After several tests: “They’re giving me nitro. They’re giving me aspirin and they’re sitting me down,” Hatcher said. “And at that point, I was really scared.”

Doctors found some blockage in her heart. The plan was to send her home that day and for her to come back two days later for a heart catheterization and possibly stents.

She showed up, thinking it would be a simple procedure.

“They tell me that they couldn’t do the heart cath because of the place of my blockage and how much blockage, and that they were going to have to do open heart surgery,” Hatcher said.

Two days later, she had a double bypass.

“It was really scary because they told me that I had 99% blockage in one place,” she said. “And so, it was kind of like a ticking time bomb.”

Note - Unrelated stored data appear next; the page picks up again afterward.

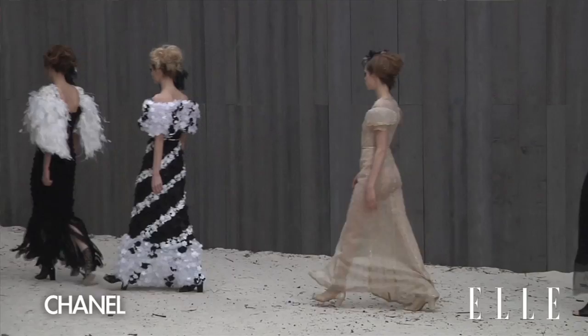Hi, this is Fabiola Barracassa with Elle.com, and I have the great privilege right now of being at the Chanel Atelier Rue Cambon in Paris. This is the collection that went down the runway yesterday right behind me, and it's amazing that we have the opportunity to look at it up close.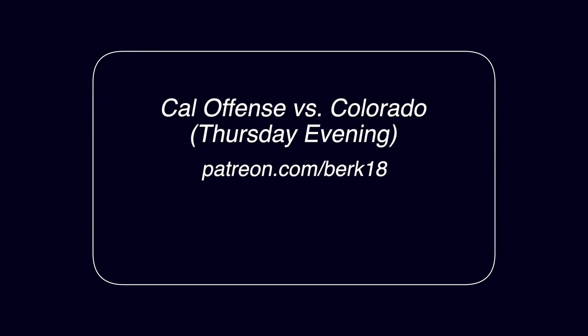All right, that's it for this week. I'll also be posting a full write-up of our offensive performance against Colorado at patreon.com/berk18, so check that out if you want. Otherwise I'll be back here next week to break down the big game — go Bears and get the axe!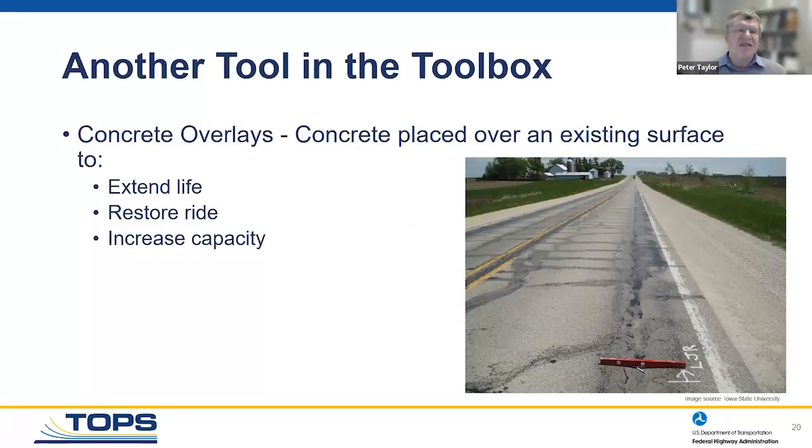Concrete overlays are a toolbox option. They may not be applicable everywhere, but they should be something you think about in many cases. They extend life, restore ride, increase capacity, and can be applied onto a fairly wide range of existing systems. We think they have the benefits of being cost effective, sustainable, and providing what agencies need to keep their systems up and running.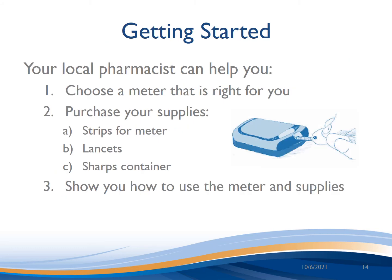You can pick up a blood glucose meter at any pharmacy and your local pharmacist can help you. Choose a meter that will work for you and your lifestyle. Purchase your supplies — which include test strips, lancets, and a sharps container — and your pharmacist can also show you how to use the meter and supplies.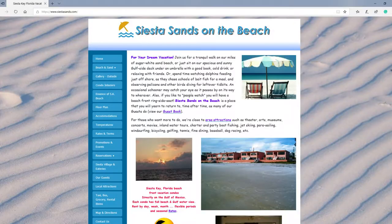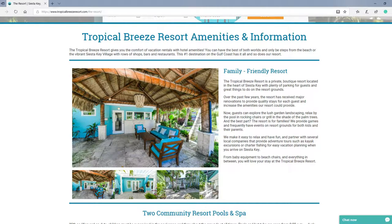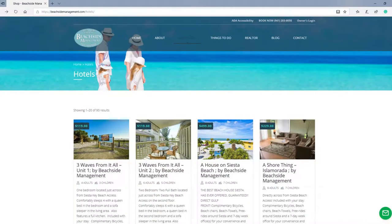One place we've checked out but haven't stayed at yet is Siesta Sands on the Beach. They have one-bedroom units with a little kitchen and dining room right on the beach — you just walk right out. It's right behind the main street where all the restaurants, bars, and shops are. Another option is Tropical Breeze Resort and also Beach Management. The prices are very affordable — anything is cheaper than Disney!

Her Christus medical team told her she was lucky.

“Because I had listened to my body and that I had come to the doctor and gotten checked out,” Hatcher said.

A visit to her primary care doctor likely saved her life.

Dr. Cara Permenter, a primary care physician with Christus Shreveport-Bossier, says our body gives us signals.

“Chest pressure, chest pain, trouble breathing, you know, people get hot and sweaty, with any kind of activity that is a little bit, I would say, not as vigorous as their usual. But they find that they get fatigued more easily,” Permenter explained. “Those are all signs that something could be going on with the heart.”

Hatcher said she knew God was with her.

“I knew that he sent me to the doctor at the right time,” she said. “And I knew that I never felt like he wouldn’t get me through it. I knew he would get me through it for my kids.”

And she’s learned a lot.

“You have to take those extra steps to take care of your body – exercise and diet. And all of those things are what keeps you going and what keeps you healthy,” said Hatcher. “I’m just thankful that I went to the doctor that day, for sure.”